Angeleta Cox a été invitée à l’épisode Un écart qu’il faut considérer : le risque de démence plus élevé chez les femmes de Défier la démence. Elle est âgée de 51 ans et est mère de trois enfants. Sa mère, Sonia, a reçu un diagnostic de maladie d’Alzheimer à début précoce à l’âge de 63 ans. Au moment du diagnostic, deux des enfants d’Angeleta étaient adolescents et le plus jeune avait six ans. Angeleta décrit comment ils ont abordé la maladie de Sonia et son effet sur la famille. Elle travaille comme enseignante au sein des Services correctionnels de l’Ontario et est copropriétaire d’un restaurant. Elle est également fondatrice de la Pan-African Dementia Association, un groupe qui sensibilise et accompagne les personnes et les familles touchées par la démence.

Hannah Gardner

Hannah Gardner est infirmière-conseil auprès des enfants et des jeunes chez Dementia UK, où elle dirige les efforts visant à améliorer le soutien et la sensibilisation en faveur des enfants et des jeunes vivant dans des familles touchées par la démence.

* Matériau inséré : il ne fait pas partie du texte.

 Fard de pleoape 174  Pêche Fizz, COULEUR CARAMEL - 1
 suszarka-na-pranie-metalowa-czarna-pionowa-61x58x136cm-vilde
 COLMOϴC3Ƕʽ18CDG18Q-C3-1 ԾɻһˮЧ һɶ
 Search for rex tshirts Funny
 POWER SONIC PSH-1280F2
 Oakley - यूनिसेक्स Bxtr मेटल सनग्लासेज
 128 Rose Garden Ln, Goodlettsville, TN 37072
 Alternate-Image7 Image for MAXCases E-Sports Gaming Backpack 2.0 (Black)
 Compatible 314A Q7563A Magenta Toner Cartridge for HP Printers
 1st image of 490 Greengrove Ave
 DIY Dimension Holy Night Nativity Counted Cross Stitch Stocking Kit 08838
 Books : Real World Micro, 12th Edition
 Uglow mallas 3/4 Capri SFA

Elle veille à ce que leur voix soit prise en compte dans les politiques, la recherche et la pratique clinique, tout en contribuant à l’éducation et à la promotion des pratiques exemplaires dans tous les secteurs.

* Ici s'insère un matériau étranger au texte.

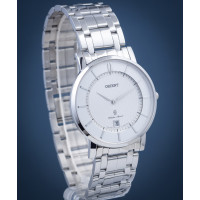 Чоловічий годинник Orient FGW01006W0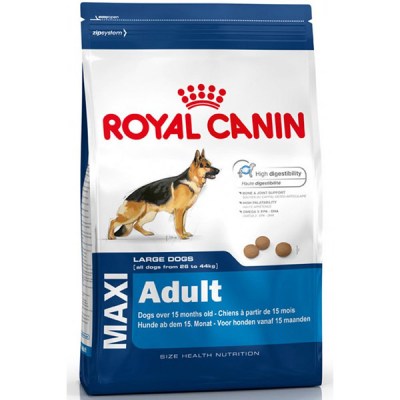 royal-canin-maxi-adult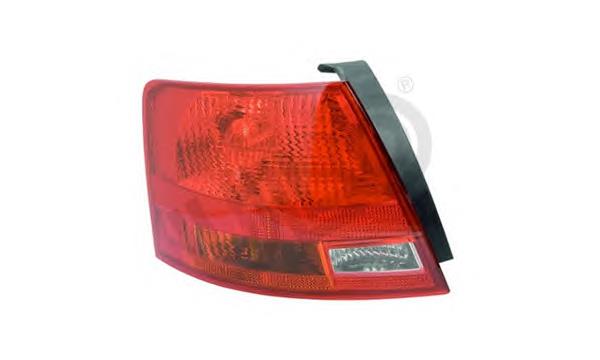 Piloto trasero exterior izquierdo VAG 8E9945095C precio, desde 57,08 EUR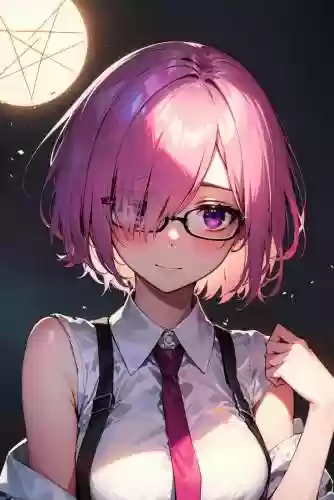 玛修新技能，玛修要练吗插图1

Infirmière autorisée avec plus de 20 ans d’expérience, Hannah a accompagné des familles touchées par tous les types et stades de la démence, y compris les formes plus rares. Elle a notamment été infirmière en chef spécialisée en démence au sein d’un hôpital du Service national de santé, a travaillé au sein des services cliniques de Dementia UK, a apporté son soutien aux familles par l’intermédiaire de Rare Dementia Support et a exercé dans un service local de soins palliatifs. Hannah est associée principale honoraire à l’Université de Bangor et participe à des recherches visant à mettre en place des groupes de soutien par les pairs pour les jeunes aidants de personnes atteintes de démence. Son engagement revêt également une dimension personnelle, inspiré par le diagnostic de la maladie d’Alzheimer à début précoce posé chez sa défunte mère.